[Stored entries]
______
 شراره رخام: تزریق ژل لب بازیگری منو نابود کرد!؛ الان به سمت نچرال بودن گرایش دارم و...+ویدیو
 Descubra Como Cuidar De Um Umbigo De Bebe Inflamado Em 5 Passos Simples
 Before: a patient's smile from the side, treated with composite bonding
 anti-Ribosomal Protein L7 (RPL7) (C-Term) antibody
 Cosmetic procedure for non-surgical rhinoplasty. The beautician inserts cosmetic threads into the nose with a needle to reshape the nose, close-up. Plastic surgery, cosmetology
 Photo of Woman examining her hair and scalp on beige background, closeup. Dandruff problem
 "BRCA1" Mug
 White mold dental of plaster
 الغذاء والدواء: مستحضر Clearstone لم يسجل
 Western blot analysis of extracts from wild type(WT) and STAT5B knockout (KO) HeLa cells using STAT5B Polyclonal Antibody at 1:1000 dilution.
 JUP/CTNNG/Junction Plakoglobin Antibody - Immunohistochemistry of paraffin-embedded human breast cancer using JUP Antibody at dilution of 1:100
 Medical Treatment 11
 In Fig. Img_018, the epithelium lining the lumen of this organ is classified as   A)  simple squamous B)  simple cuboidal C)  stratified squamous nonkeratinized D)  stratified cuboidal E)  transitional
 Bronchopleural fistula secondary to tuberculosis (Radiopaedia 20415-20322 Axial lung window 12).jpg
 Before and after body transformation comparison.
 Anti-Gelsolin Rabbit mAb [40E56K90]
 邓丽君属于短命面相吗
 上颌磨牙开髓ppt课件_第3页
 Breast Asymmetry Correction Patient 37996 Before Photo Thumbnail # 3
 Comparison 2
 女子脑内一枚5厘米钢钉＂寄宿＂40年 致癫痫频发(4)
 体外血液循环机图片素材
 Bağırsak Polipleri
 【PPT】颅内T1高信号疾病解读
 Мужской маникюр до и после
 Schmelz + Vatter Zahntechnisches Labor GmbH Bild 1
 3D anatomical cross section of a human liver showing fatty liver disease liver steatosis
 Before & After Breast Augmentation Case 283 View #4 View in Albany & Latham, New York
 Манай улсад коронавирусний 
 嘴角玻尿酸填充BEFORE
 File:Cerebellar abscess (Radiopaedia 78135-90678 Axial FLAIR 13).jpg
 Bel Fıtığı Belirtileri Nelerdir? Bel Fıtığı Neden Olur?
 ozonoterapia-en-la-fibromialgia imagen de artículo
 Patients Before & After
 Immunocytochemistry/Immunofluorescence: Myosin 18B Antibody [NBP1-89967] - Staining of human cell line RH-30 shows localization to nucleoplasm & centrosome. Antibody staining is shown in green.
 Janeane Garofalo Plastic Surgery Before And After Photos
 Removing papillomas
______
--- What the task asks ---
Emit an exact copy of the lines spanning the start of the records to the line containing "Western blot analysis", inclusive, and no other output.

--- Result of this task ---
 شراره رخام: تزریق ژل لب بازیگری منو نابود کرد!؛ الان به سمت نچرال بودن گرایش دارم و...+ویدیو
 Descubra Como Cuidar De Um Umbigo De Bebe Inflamado Em 5 Passos Simples
 Before: a patient's smile from the side, treated with composite bonding
 anti-Ribosomal Protein L7 (RPL7) (C-Term) antibody
 Cosmetic procedure for non-surgical rhinoplasty. The beautician inserts cosmetic threads into the nose with a needle to reshape the nose, close-up. Plastic surgery, cosmetology
 Photo of Woman examining her hair and scalp on beige background, closeup. Dandruff problem
 "BRCA1" Mug
 White mold dental of plaster
 الغذاء والدواء: مستحضر Clearstone لم يسجل
 Western blot analysis of extracts from wild type(WT) and STAT5B knockout (KO) HeLa cells using STAT5B Polyclonal Antibody at 1:1000 dilution.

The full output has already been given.